What parameters are required in order to describe a sine wave?

#### Pickles

Joined Mar 13, 2015
29
I would recommend LTSpice but the learning curve is steep. I think it would distract from the problem at hand. Doesn't your school use a software tool such as Multisim?

https://www.analog.com/en/design-center/design-tools-and-calculators/ltspice-simulator.html#

You get the values from the trace and the given parameter for the circuit.
Yes they told me to use Multism but I am waiting for the tutor to come back to me with activation codes etc, as they aren't working.

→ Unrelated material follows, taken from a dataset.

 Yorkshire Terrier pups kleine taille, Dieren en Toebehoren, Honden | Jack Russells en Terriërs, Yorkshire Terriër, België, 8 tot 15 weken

I just want to try and get these questions answered when I am off work for the weekend as during the week I don't get much time to do it.

#### Pickles

Joined Mar 13, 2015
29
What parameters are required in order to describe a sine wave?
Amplitude, cycles, frequency, peak to peak and RMS?

#### MrChips

Joined Oct 2, 2009
26,133
Amplitude, cycles, frequency, peak to peak and RMS?
You only need two. The rest are redundant. (Sometimes you need phase angle but this is unimportant in your case.)
(You may also need DC offset. But let's ignore that too.)
Let's cut to the chase (to avoid playing the game of 101 Q & A).
All you need is amplitude and frequency.
You can derive RMS and peak-to-peak from amplitude.
Which of the three values, amplitude, RMS, peak-to-peak do you know for both input and output waveforms?

#### Pickles

Joined Mar 13, 2015
29
You only need two. The rest are redundant. (Sometimes you need phase angle but this is unimportant in your case.)
(You may also need DC offset. But let's ignore that too.)
Let's cut the chase (to avoid playing the game of 101 Q & A).
All you need is amplitude and frequency.
You can derive RMS and peak-to-peak from amplitude.
Which of the three values, amplitude, RMS, peak-to-peak do you know for both input and output waveforms?
The only figures I can see on the diagram is 5 V pk and 1KHz.

#### WBahn

Joined Mar 31, 2012
26,398
Ok thanks everyone. To work out the average value of the input and output signal would you use this equation...

View attachment 200318

Many thanks
Where did that equation come from?

How does it apply to the input signal?

How does it take into account the effect of the voltage dropped across the diode?

#### WBahn

Joined Mar 31, 2012
26,398
I don't understand were you get any values from to work out the average.

Yes I can do Calculus.
What is the input voltage as a function of time. Assume that the waveform is at 0 V at t=0.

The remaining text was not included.